<<<<
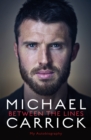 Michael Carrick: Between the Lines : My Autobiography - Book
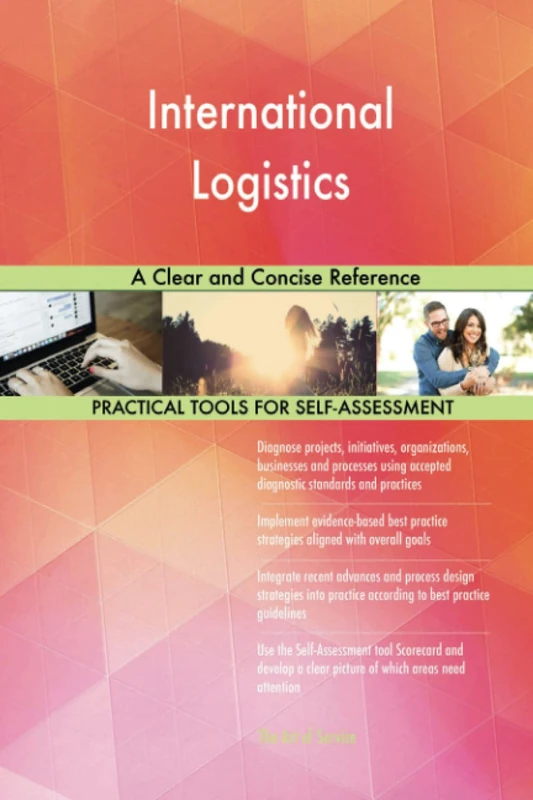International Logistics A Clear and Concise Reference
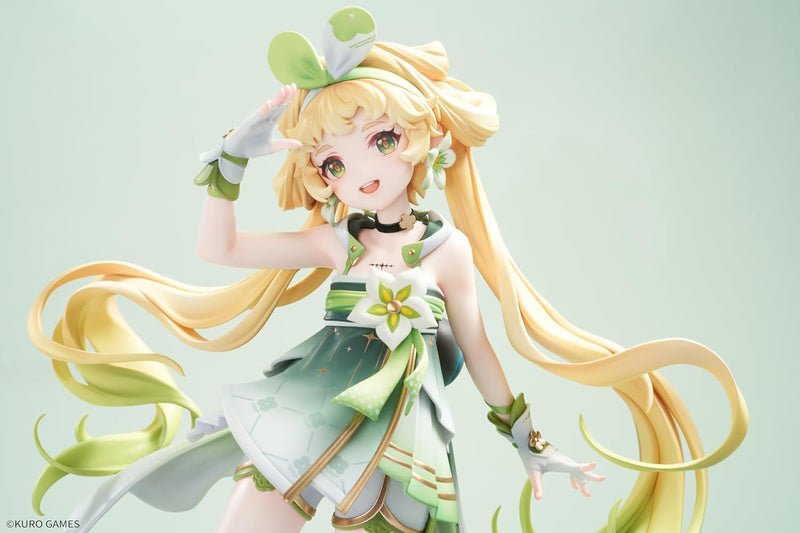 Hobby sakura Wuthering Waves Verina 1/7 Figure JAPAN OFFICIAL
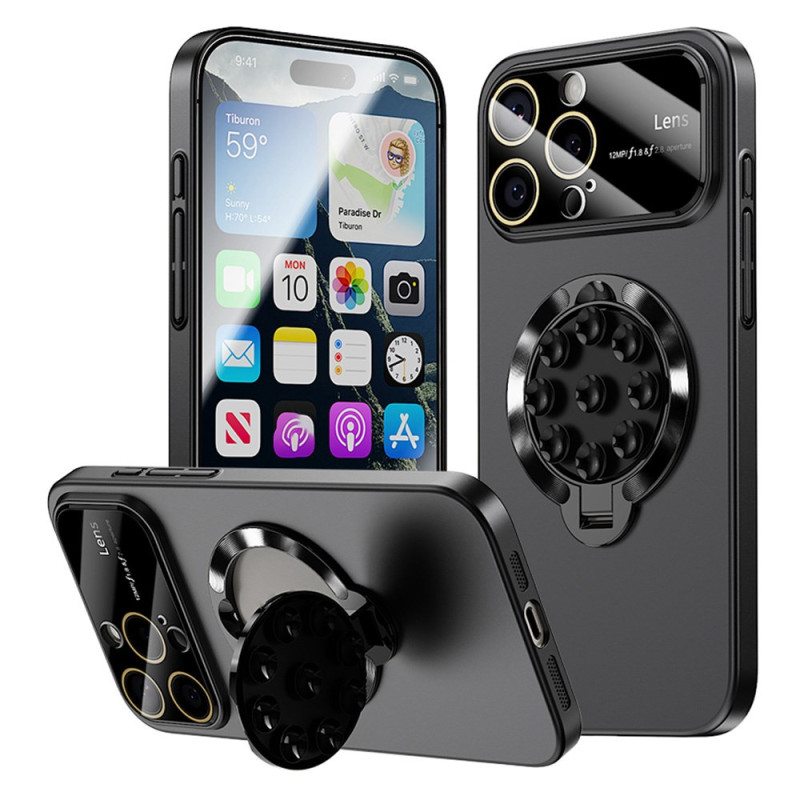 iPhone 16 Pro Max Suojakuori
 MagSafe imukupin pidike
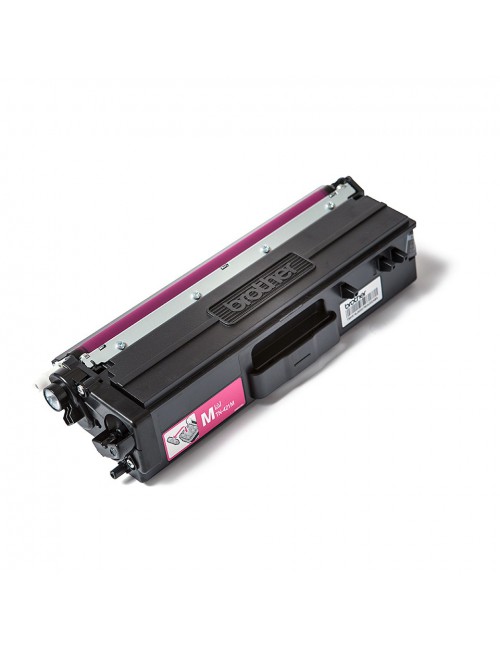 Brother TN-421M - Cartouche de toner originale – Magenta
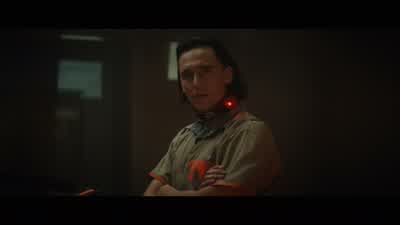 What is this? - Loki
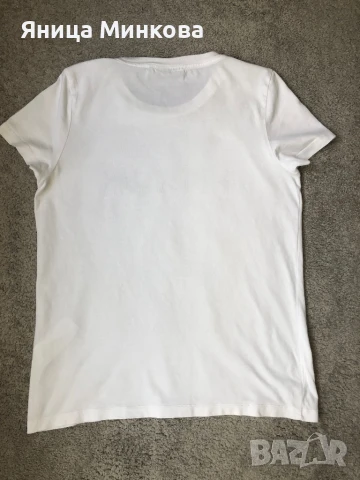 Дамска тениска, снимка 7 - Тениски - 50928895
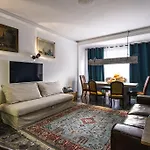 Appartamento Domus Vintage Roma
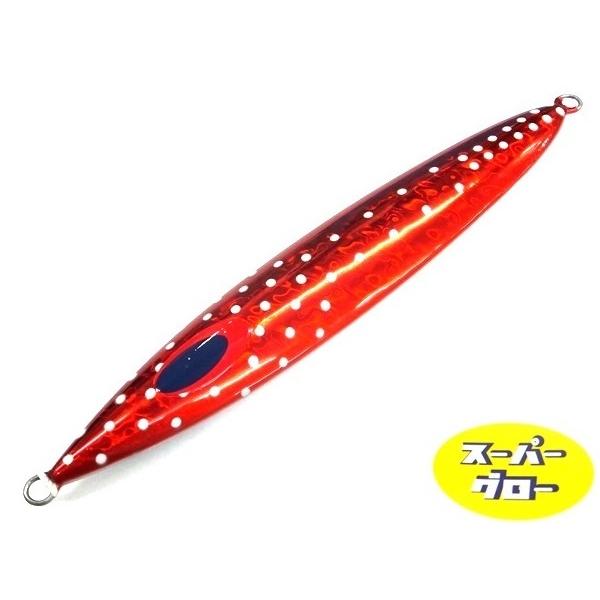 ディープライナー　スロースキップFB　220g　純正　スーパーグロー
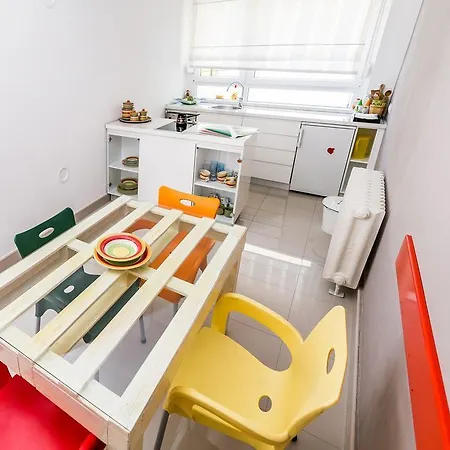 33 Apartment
>>>>
# About this exercise:
Everything from the top line of the data down to and including the line with "Brother TN-421M - Cartouche" is to be copied, except the pictures.

# Task solution:
 Michael Carrick: Between the Lines : My Autobiography - Book
International Logistics A Clear and Concise Reference
 Hobby sakura Wuthering Waves Verina 1/7 Figure JAPAN OFFICIAL
 iPhone 16 Pro Max Suojakuori
 MagSafe imukupin pidike
 Brother TN-421M - Cartouche de toner originale – Magenta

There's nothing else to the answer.